Exercise data:
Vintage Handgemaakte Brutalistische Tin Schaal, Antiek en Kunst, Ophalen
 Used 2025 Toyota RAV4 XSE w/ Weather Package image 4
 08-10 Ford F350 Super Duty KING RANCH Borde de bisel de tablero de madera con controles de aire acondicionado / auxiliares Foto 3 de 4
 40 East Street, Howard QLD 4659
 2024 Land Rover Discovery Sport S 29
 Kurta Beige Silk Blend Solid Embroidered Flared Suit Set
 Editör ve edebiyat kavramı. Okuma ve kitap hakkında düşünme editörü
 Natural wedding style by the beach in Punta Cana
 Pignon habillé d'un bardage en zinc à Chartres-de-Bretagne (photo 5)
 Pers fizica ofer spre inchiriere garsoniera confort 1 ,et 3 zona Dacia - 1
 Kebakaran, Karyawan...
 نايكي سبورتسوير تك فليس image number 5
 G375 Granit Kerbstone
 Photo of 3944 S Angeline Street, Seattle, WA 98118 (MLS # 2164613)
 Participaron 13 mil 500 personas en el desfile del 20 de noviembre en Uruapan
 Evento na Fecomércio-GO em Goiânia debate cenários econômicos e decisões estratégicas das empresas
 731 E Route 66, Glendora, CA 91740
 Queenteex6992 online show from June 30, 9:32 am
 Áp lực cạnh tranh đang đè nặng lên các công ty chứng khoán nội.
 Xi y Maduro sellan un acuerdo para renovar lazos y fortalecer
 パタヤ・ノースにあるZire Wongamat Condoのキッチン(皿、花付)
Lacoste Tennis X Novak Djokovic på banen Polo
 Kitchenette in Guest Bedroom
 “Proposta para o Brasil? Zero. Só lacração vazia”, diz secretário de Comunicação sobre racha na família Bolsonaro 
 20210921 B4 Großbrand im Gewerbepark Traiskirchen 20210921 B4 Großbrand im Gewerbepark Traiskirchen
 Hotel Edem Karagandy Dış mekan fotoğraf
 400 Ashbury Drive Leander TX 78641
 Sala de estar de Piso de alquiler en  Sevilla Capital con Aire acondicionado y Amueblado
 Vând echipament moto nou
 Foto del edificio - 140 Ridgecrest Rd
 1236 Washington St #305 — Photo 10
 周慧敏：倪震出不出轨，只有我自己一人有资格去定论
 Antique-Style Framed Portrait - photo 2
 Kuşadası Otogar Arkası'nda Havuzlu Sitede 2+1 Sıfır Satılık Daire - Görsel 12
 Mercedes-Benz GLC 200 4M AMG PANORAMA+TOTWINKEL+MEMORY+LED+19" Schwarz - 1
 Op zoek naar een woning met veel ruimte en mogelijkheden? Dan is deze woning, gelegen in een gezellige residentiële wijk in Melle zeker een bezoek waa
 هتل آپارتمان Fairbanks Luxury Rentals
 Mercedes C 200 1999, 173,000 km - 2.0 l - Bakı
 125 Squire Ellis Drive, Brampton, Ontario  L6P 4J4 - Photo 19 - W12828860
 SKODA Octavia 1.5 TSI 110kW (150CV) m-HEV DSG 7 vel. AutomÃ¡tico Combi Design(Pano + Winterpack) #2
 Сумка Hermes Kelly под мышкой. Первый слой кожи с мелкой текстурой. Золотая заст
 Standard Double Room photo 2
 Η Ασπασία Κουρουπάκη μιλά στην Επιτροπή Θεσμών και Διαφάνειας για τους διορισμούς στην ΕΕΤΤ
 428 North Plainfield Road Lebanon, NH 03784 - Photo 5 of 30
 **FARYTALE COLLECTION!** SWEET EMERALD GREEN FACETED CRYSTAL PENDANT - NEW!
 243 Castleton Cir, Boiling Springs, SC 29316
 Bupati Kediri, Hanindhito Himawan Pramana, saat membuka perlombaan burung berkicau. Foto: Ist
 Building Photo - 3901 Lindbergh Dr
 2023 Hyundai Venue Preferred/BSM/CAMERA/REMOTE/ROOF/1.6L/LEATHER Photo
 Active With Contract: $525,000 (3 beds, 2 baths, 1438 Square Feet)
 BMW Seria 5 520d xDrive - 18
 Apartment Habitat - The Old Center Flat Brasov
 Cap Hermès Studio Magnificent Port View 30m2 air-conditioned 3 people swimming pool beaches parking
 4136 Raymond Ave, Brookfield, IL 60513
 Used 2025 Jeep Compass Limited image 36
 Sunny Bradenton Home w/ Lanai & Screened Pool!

Work instruction: Every line above is to be transcribed exactly.

Solved exercise:
Vintage Handgemaakte Brutalistische Tin Schaal, Antiek en Kunst, Ophalen
 Used 2025 Toyota RAV4 XSE w/ Weather Package image 4
 08-10 Ford F350 Super Duty KING RANCH Borde de bisel de tablero de madera con controles de aire acondicionado / auxiliares Foto 3 de 4
 40 East Street, Howard QLD 4659
 2024 Land Rover Discovery Sport S 29
 Kurta Beige Silk Blend Solid Embroidered Flared Suit Set
 Editör ve edebiyat kavramı. Okuma ve kitap hakkında düşünme editörü
 Natural wedding style by the beach in Punta Cana
 Pignon habillé d'un bardage en zinc à Chartres-de-Bretagne (photo 5)
 Pers fizica ofer spre inchiriere garsoniera confort 1 ,et 3 zona Dacia - 1
 Kebakaran, Karyawan...
 نايكي سبورتسوير تك فليس image number 5
 G375 Granit Kerbstone
 Photo of 3944 S Angeline Street, Seattle, WA 98118 (MLS # 2164613)
 Participaron 13 mil 500 personas en el desfile del 20 de noviembre en Uruapan
 Evento na Fecomércio-GO em Goiânia debate cenários econômicos e decisões estratégicas das empresas
 731 E Route 66, Glendora, CA 91740
 Queenteex6992 online show from June 30, 9:32 am
 Áp lực cạnh tranh đang đè nặng lên các công ty chứng khoán nội.
 Xi y Maduro sellan un acuerdo para renovar lazos y fortalecer
 パタヤ・ノースにあるZire Wongamat Condoのキッチン(皿、花付)
Lacoste Tennis X Novak Djokovic på banen Polo
 Kitchenette in Guest Bedroom
 “Proposta para o Brasil? Zero. Só lacração vazia”, diz secretário de Comunicação sobre racha na família Bolsonaro 
 20210921 B4 Großbrand im Gewerbepark Traiskirchen 20210921 B4 Großbrand im Gewerbepark Traiskirchen
 Hotel Edem Karagandy Dış mekan fotoğraf
 400 Ashbury Drive Leander TX 78641
 Sala de estar de Piso de alquiler en  Sevilla Capital con Aire acondicionado y Amueblado
 Vând echipament moto nou
 Foto del edificio - 140 Ridgecrest Rd
 1236 Washington St #305 — Photo 10
 周慧敏：倪震出不出轨，只有我自己一人有资格去定论
 Antique-Style Framed Portrait - photo 2
 Kuşadası Otogar Arkası'nda Havuzlu Sitede 2+1 Sıfır Satılık Daire - Görsel 12
 Mercedes-Benz GLC 200 4M AMG PANORAMA+TOTWINKEL+MEMORY+LED+19" Schwarz - 1
 Op zoek naar een woning met veel ruimte en mogelijkheden? Dan is deze woning, gelegen in een gezellige residentiële wijk in Melle zeker een bezoek waa
 هتل آپارتمان Fairbanks Luxury Rentals
 Mercedes C 200 1999, 173,000 km - 2.0 l - Bakı
 125 Squire Ellis Drive, Brampton, Ontario  L6P 4J4 - Photo 19 - W12828860
 SKODA Octavia 1.5 TSI 110kW (150CV) m-HEV DSG 7 vel. AutomÃ¡tico Combi Design(Pano + Winterpack) #2
 Сумка Hermes Kelly под мышкой. Первый слой кожи с мелкой текстурой. Золотая заст
 Standard Double Room photo 2
 Η Ασπασία Κουρουπάκη μιλά στην Επιτροπή Θεσμών και Διαφάνειας για τους διορισμούς στην ΕΕΤΤ
 428 North Plainfield Road Lebanon, NH 03784 - Photo 5 of 30
 **FARYTALE COLLECTION!** SWEET EMERALD GREEN FACETED CRYSTAL PENDANT - NEW!
 243 Castleton Cir, Boiling Springs, SC 29316
 Bupati Kediri, Hanindhito Himawan Pramana, saat membuka perlombaan burung berkicau. Foto: Ist
 Building Photo - 3901 Lindbergh Dr
 2023 Hyundai Venue Preferred/BSM/CAMERA/REMOTE/ROOF/1.6L/LEATHER Photo
 Active With Contract: $525,000 (3 beds, 2 baths, 1438 Square Feet)
 BMW Seria 5 520d xDrive - 18
 Apartment Habitat - The Old Center Flat Brasov
 Cap Hermès Studio Magnificent Port View 30m2 air-conditioned 3 people swimming pool beaches parking
 4136 Raymond Ave, Brookfield, IL 60513
 Used 2025 Jeep Compass Limited image 36
 Sunny Bradenton Home w/ Lanai & Screened Pool!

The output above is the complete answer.